The first month of the Trump Presidency has seen rising uncertainty about many of the assumptions that have been taken for granted by markets for decades. This uncertainty is not only about the US economy and policy making, but also has an impact on other parts of the world that rely on the US for trade, security and investments.
- Global macro: The last month since our January edition has been an eventful one, with the Trump Presidency overshadowing developments in the US economy and to some extent in the wider world.
- GCC macro: The largest GCC economies started 2017 on a strong note, with both Saudi Arabia’s and the UAE’s purchasing managers’ indices showing faster expansion in the non-oil private sector in January.

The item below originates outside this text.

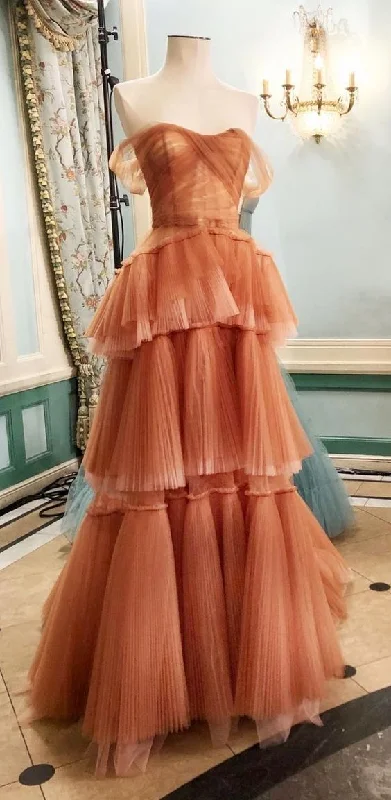 Price Drop chic dressOff the Shoulder Tulle Tiered Long Prom Dress, A Line Evening Gown Y1897 Price Drop chic dressOff the Shoulder Tulle Tiered Long Prom Dress, A Line Evening Gown Y1897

- MENA macro: Inflationary pressures are likely to build across North Africa and the Levant in 2017, particularly in Egypt where November’s EGP devaluation is leading to a spike in imported prices.
- Sector Focus: An overview of Dubai’s real estate sector.
- Emerging Market Focus: India
- Interest Rates: Anticipated pro-growth policies of President Trump are causing higher sovereign yields.
- Credit Markets: Expectations of higher global growth boosted appetite for risk assets leading to tightening of credit spreads during the month.
- Currencies: Constructive US economic data was unable to fully reverse the dollar’s soft start to 2017 as markets continued to show concern over President Trump’s initial focus on protectionism especially in the absence of details about fiscal policy expansion.
- Equities: Notwithstanding the focus on Donald Trump’s policies, equity market investors seem to be coming to grips with the working style of the new US President. The positive sentiment has been helped by better than expected corporate earnings and upbeat economic data.
- Commodities: OPEC managed to achieve a high level of compliance in the first month of its production cut agreement but has it cut too deep too early? So far oil prices have largely shrugged in the face of the strong OPEC figures suggesting other factors have more weight in the current market.